What is expected.
Your answer must be the lines from the one containing "BULL'S Sarah Milkowski" through the last line of the records below, copied exactly, with the pictures left out.

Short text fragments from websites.

=== Begin Enclosure ===

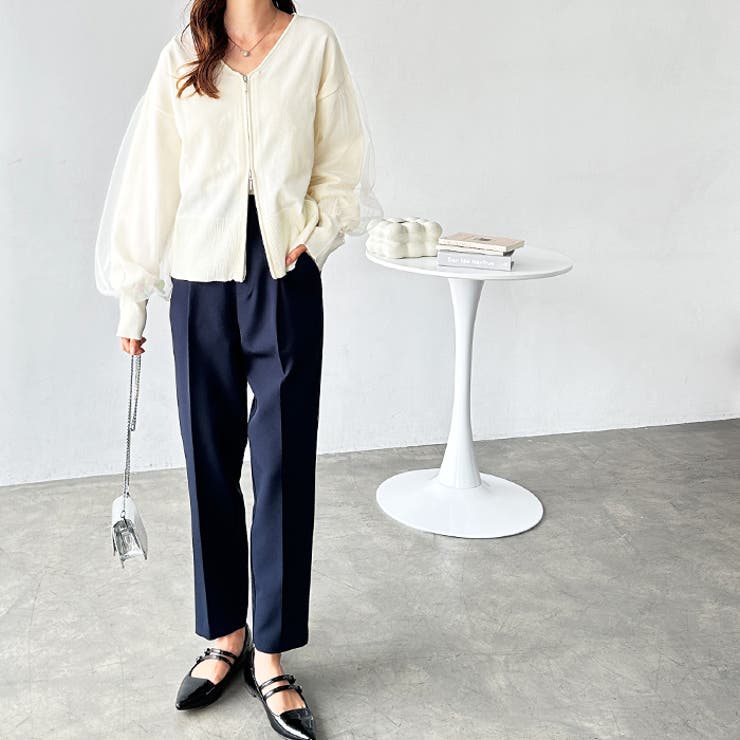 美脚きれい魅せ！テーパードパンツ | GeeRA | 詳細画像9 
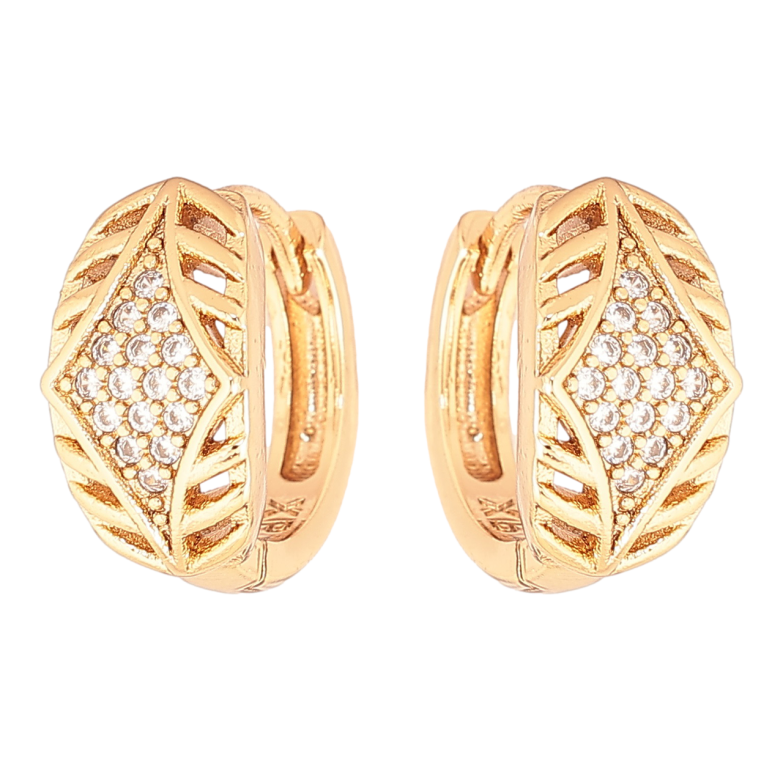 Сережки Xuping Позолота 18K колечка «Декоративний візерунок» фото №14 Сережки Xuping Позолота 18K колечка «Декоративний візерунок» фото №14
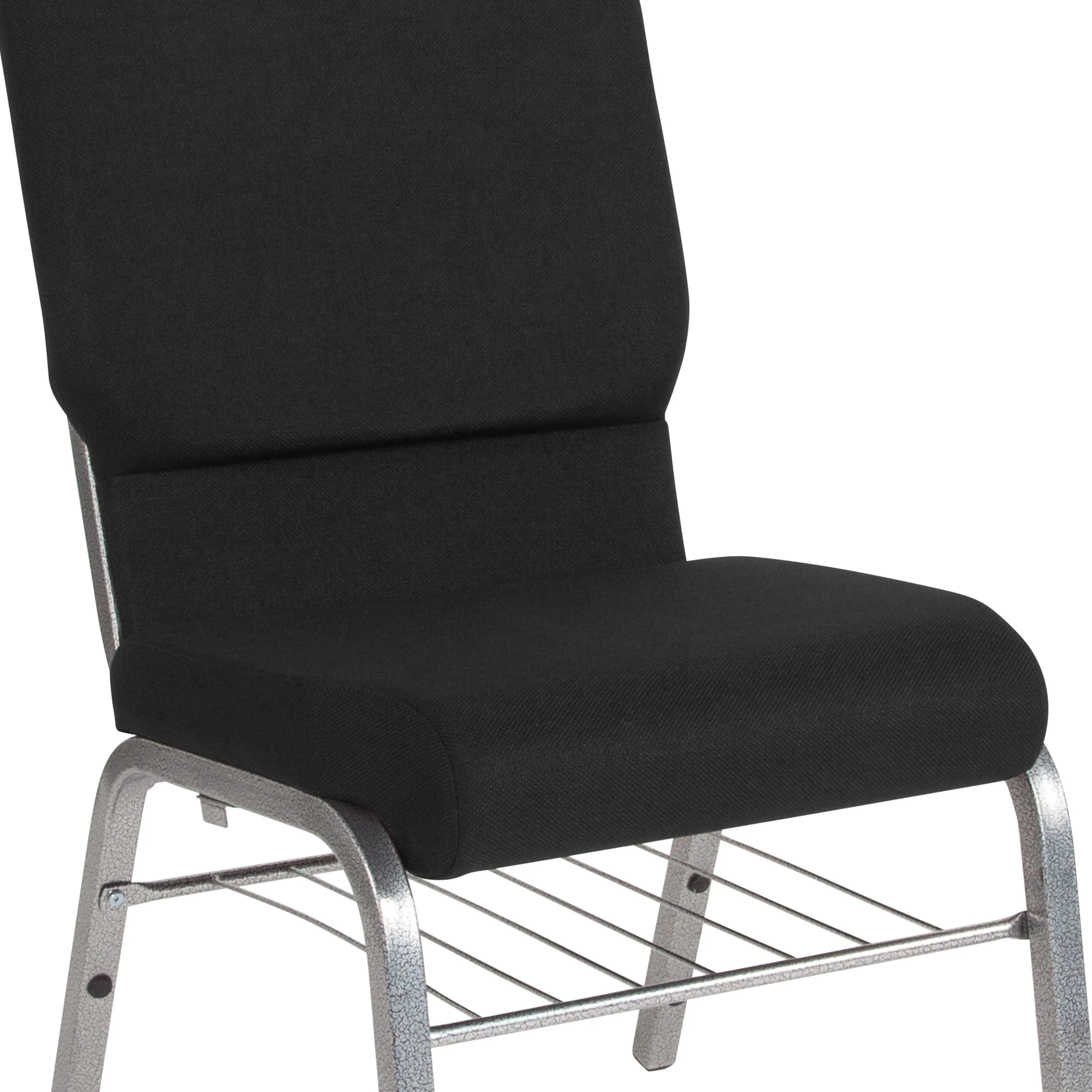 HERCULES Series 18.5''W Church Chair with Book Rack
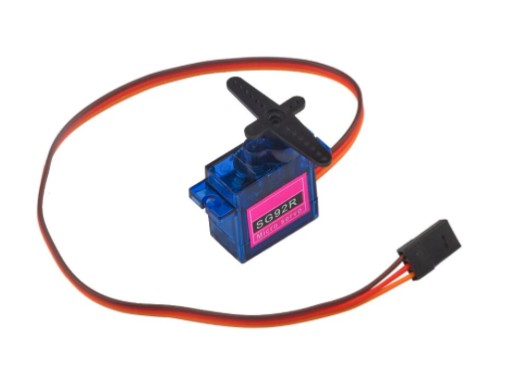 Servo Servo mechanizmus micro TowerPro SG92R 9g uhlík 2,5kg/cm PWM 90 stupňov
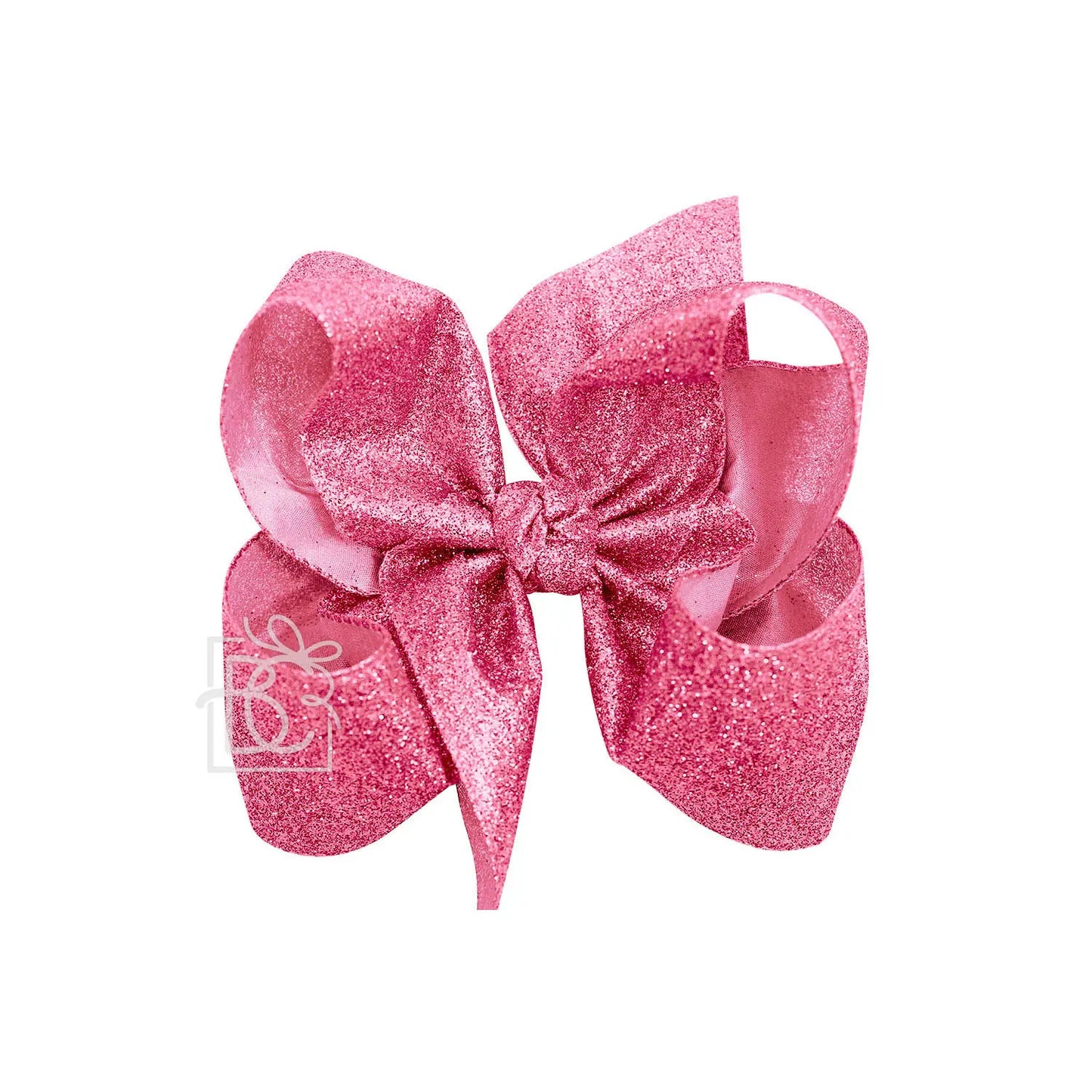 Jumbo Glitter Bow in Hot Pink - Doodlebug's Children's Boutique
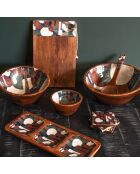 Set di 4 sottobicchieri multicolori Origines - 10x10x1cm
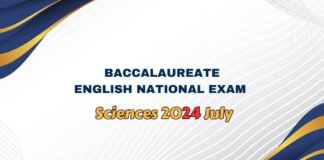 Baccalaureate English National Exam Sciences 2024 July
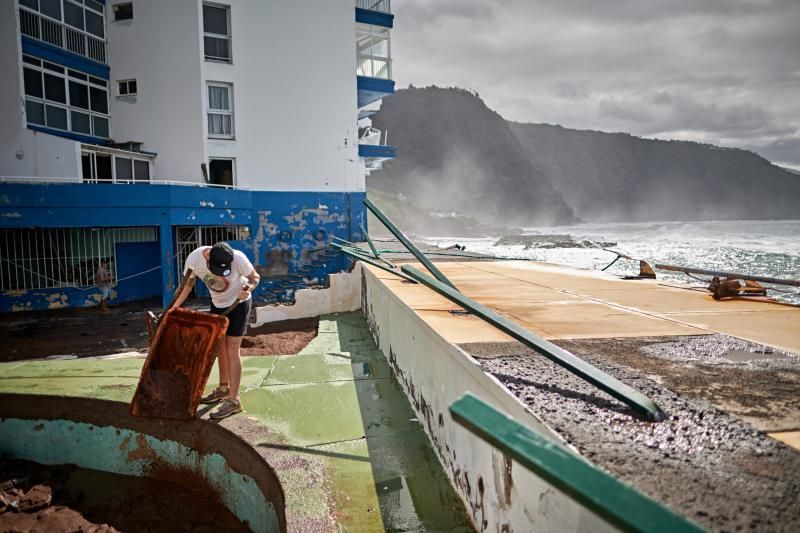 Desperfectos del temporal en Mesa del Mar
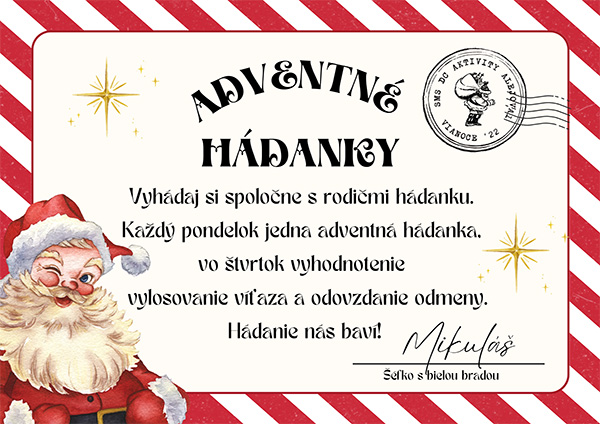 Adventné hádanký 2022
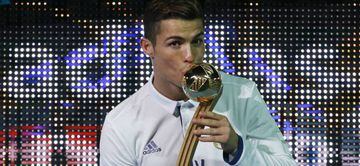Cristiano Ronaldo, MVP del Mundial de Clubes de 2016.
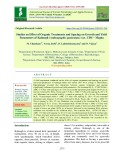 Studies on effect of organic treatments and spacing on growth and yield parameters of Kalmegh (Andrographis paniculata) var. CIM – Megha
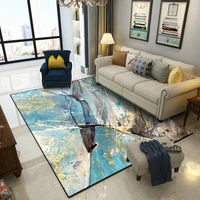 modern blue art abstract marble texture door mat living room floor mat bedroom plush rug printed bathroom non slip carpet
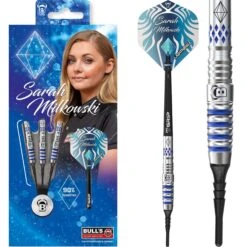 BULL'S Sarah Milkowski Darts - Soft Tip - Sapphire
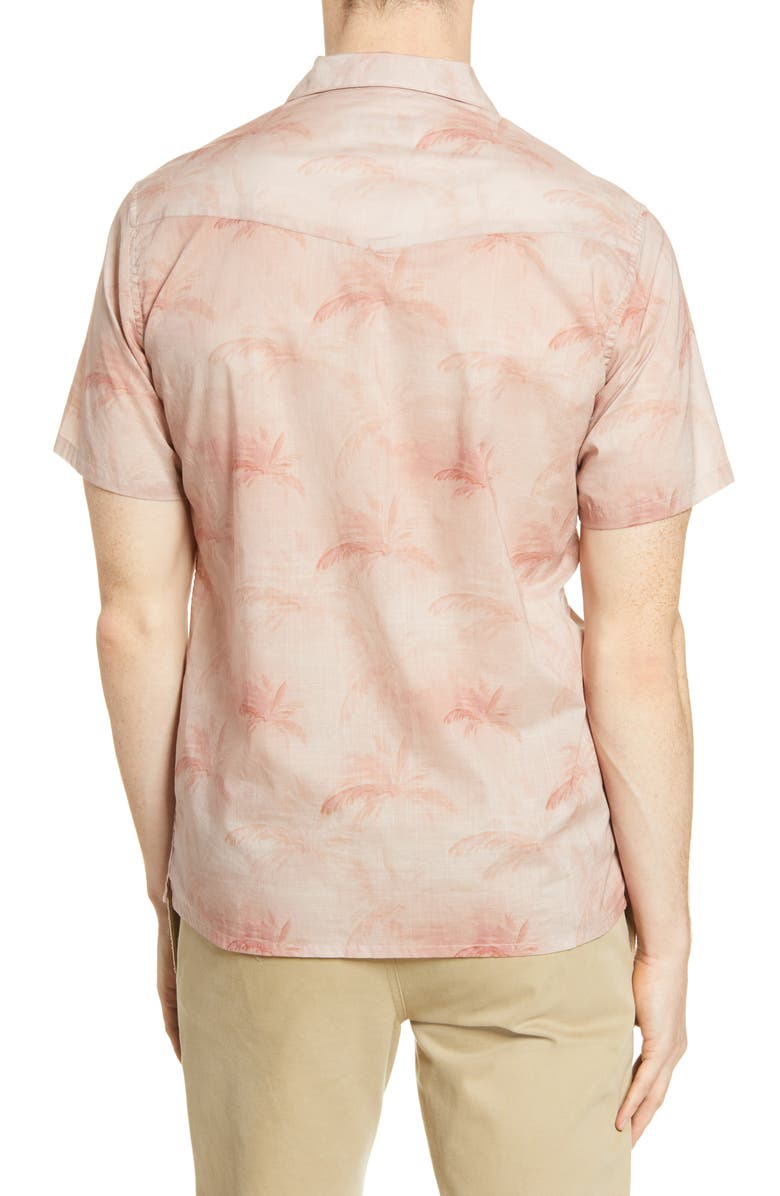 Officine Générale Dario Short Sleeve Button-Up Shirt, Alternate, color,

=== End Enclosure ===

Solution to this task.
 BULL'S Sarah Milkowski Darts - Soft Tip - Sapphire
 Officine Générale Dario Short Sleeve Button-Up Shirt, Alternate, color,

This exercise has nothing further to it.